■ **Work task**: Beginning at the line that contains "Bioderma Gel Body Wash - 100 ml", transcribe the remaining lines of the listing exactly; include the final line and omit everything before.

■ **Data for the task**:
--------------------------------
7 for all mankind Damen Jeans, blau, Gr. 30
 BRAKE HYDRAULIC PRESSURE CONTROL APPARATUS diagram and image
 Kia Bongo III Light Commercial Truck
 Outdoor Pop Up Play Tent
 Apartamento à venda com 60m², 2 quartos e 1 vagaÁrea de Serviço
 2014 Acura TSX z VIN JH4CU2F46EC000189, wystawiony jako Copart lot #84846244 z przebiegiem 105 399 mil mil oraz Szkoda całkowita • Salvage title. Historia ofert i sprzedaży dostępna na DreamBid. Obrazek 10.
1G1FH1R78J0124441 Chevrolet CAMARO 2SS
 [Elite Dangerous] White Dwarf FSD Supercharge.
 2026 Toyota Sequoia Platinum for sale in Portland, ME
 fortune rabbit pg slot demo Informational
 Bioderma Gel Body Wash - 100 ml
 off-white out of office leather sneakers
--------------------------------
■ **Task output**:
 Bioderma Gel Body Wash - 100 ml
 off-white out of office leather sneakers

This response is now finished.